В. Кальпиди. Памяти Андрея Тарковского
Это опять поэтический пример, но повторимся: именно поэзия, при всей условности своего языка, обнажает не только содержательный нерв эпохи, но и "нерв" формальной языковой организации. В процитированном стихотворении (это законченное произведение, не отрывок!) типично начало - фраза строится с середины, как случайно подхваченный обрывок разговора, типична ассоциативность семантических текстовых связей (почему кроты - и Гомер? потому что Гомер слеп? и потому что повествование в "Илиаде" разветвляется, как кротовые норы разветвляются во тьме? тьме веков? почему убитый снег? потому что это стихотворение "памяти"? и потому что снег падает в "Ностальгии"? - "такой расклад" - химера или путь к авторскому коду?), типична загадочная обрывистость фраз и текста в целом.
Вторая линия - линия семантического развития.
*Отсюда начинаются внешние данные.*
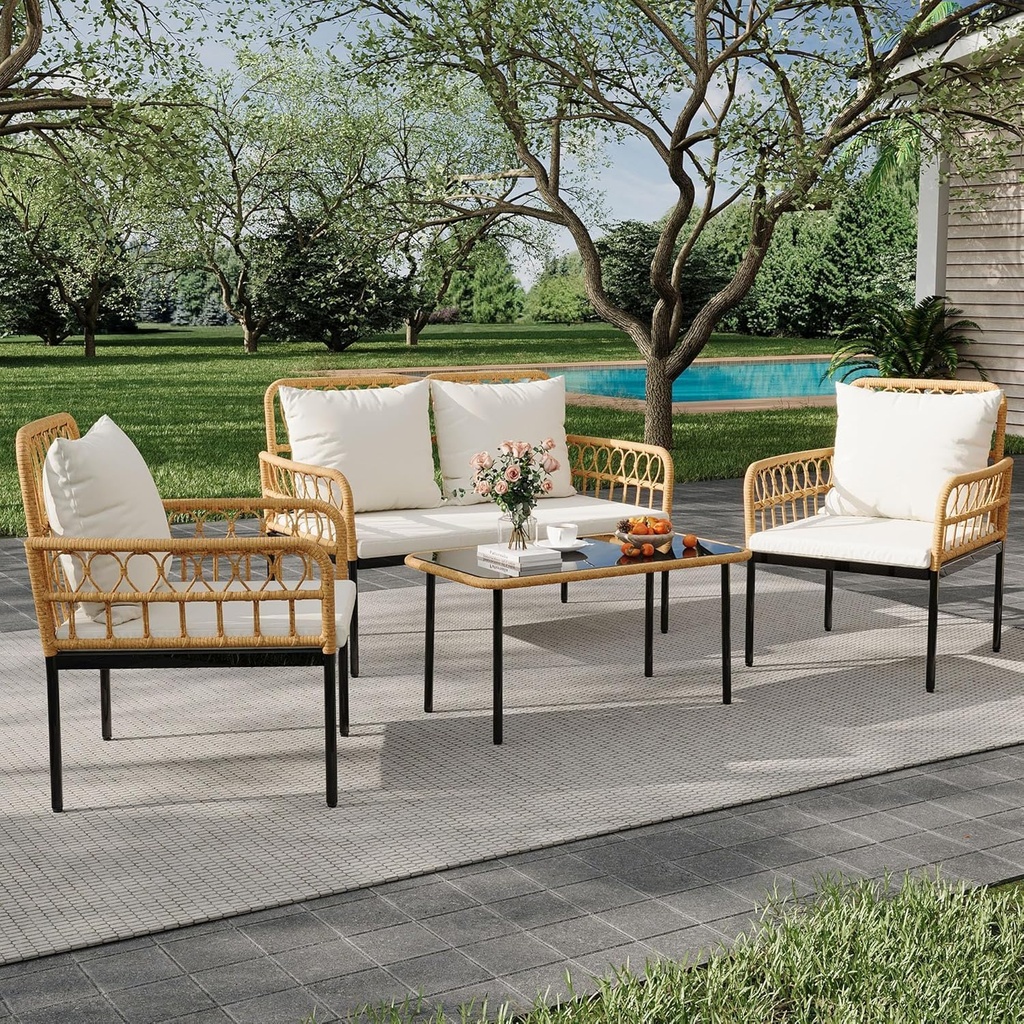 4-pieces-patio-furniture-set-outdoor-wic-4.jpg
XVIII век - век прямых значений, где развитие семантики легко отталкивается от любой из сем. См. в приведенном ранее ломоносовском отрывке: тонкий прах - сема "малости", которая присутствует и в современном тонкий, однако она явно недостаточна для идентификации лексемы. Что для современного человека "тонкий прах"? Даже если перешагнуть через архаизм определяемого слова и уяснить, что это всего-навсего "пыль", наиболее вероятное прочтение - "тонкий слой пыли", но никак не "мелкая, легкая пыль", как у автора. Подбирая синонимы, современный автор кропотливо роется в оттенках семантики, а поэт XVIII века без раздумий нанизывает их на одну сему, как на ниточку.
Чаще же всего эпитет и не подыскивался среди синонимов, а диктовался определяемым словом: тень - черная, волна - морская, ночь - мрачная, вихрь - сильный и т.п. В XIX веке вырастает значимость эпитета, основанного на образной конкретности, поэтому у Пушкина виноград - "продолговатый и прозрачный, как персты девы молодой". Эпитет расширяет, а не повторяет свойство определяемого:
На берегу пустынных волн Стоял он, дум великих полн, И вдаль глядел. Пред ним широко Река неслася; бедный челн По ней стремился одиноко.
А. Пушкин. Медный всадник
Привычные, хорошо известные строки поэта, чье приближающееся двухсотлетие вновь заставляет особенно ярко почувствовать его молодое новаторство во всем, обычно уже не осознаются как новаторские, однако здесь все нестандартно. Действительно, разве можно сказать "на берегу... волн"? Стандарт - "на берегу реки" (озера, моря и т.п.). Разве нормально употребление "пустынные волны"? Пустынным может быть некое пространство, но не то его движение, которое являют волны. Разве может река нестись "широко", а не стремительно, быстро, бурно?.. Разве можно стремиться не "куда?", а "как?" - одиноко? "Нельзя", - скажет любой редактор. Но между тем именно за счет этой нестандартной сочетаемости рождается образ мощной, но сдержанной стихии, гораздо более конкретный и сильный, чем, допустим, рылеевское "ревела буря, дождь шумел, во мраке молнии блистали, и бесперерывно гром гремел, и ветры в дебрях бушевали", представляющее собой набор фольклорных штампов.
Что дальше? Что мог XX век предложить вместо или вслед за этой емкой выразительностью? Оказывается - парадоксальность. Естественные чувственно-конкретные связи классической метафоры сменились бьющими, "больными" ассоциациями:
А метафора - это крапива. Нагнешься за нею - ужалит. Но мне захотелось нагнуться.